Data to use:

----

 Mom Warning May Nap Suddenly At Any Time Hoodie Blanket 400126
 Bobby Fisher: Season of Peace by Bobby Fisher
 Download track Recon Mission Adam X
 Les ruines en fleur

----

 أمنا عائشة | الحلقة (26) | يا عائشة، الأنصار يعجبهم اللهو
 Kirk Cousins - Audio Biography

----

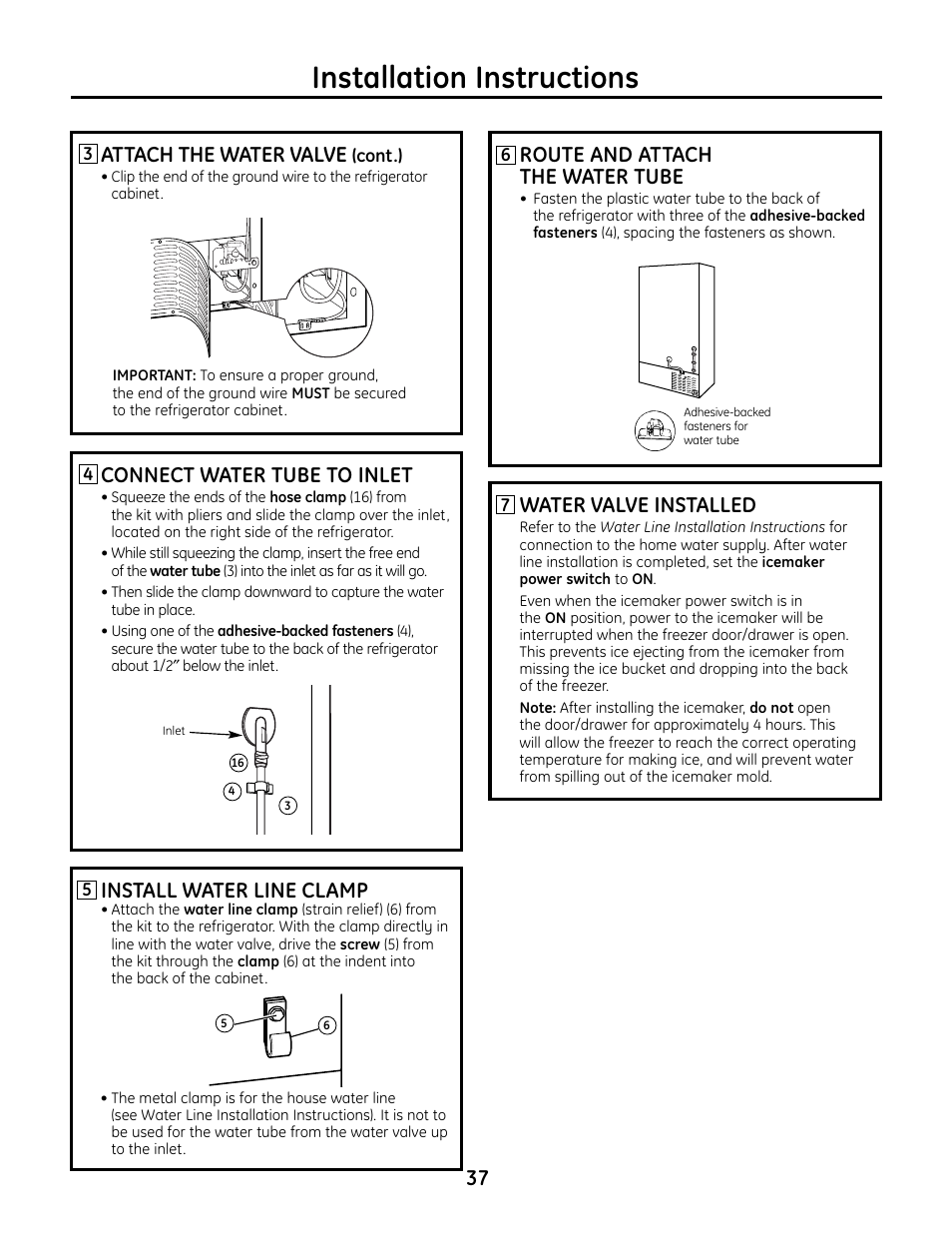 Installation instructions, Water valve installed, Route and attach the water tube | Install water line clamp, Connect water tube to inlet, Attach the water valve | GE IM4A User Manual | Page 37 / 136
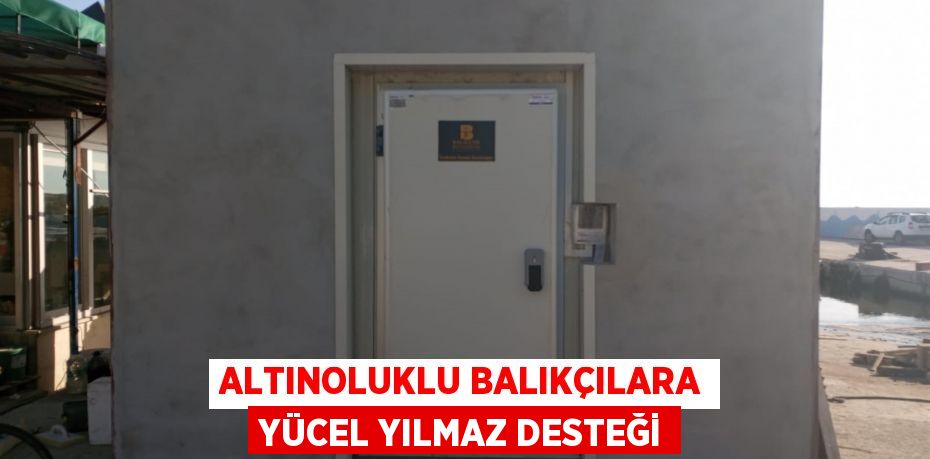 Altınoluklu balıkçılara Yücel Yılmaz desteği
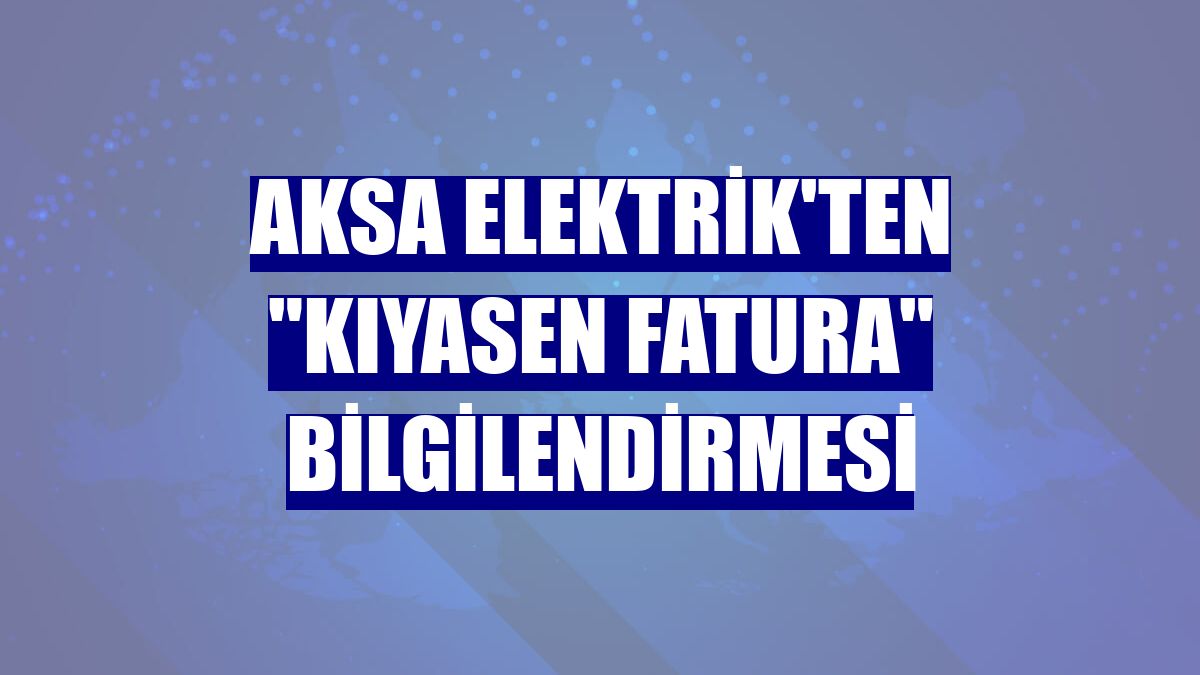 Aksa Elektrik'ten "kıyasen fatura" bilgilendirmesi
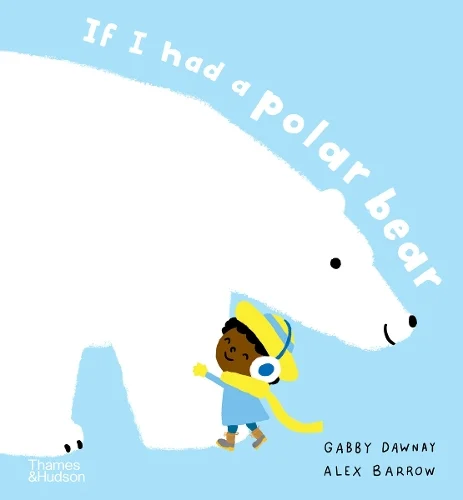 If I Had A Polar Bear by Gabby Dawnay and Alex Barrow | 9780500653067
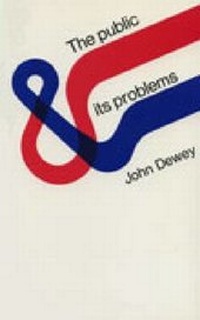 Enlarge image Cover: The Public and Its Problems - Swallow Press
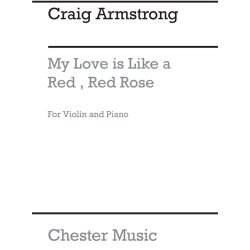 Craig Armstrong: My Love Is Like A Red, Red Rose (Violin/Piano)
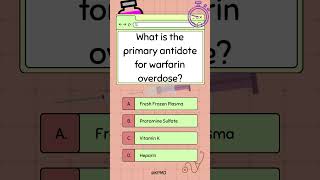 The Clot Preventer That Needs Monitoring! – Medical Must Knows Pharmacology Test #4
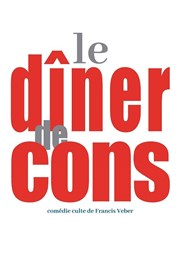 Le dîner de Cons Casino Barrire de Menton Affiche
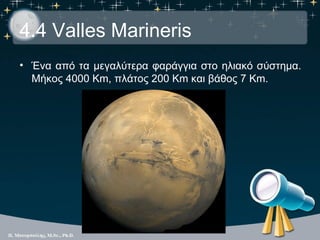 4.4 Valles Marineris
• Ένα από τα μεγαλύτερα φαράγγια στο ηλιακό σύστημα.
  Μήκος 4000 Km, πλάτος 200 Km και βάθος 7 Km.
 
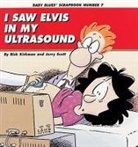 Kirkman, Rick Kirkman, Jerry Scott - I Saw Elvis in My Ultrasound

----

How to complete this task: Output exactly the lines of the listing above that start with the one holding "Le dîner de" and go on through the one holding "Kirkman, Rick Kirkman, Jerry"; leave the pictures out.

Answer to this task:
 Le dîner de Cons Casino Barrire de Menton Affiche
 4.4 Valles Marineris
• Ένα από τα μεγαλύτερα φαράγγια στο ηλιακό σύστημα.
  Μήκος 4000 Km, πλάτος 200 Km και βάθος 7 Km.
 
 Kirkman, Rick Kirkman, Jerry Scott - I Saw Elvis in My Ultrasound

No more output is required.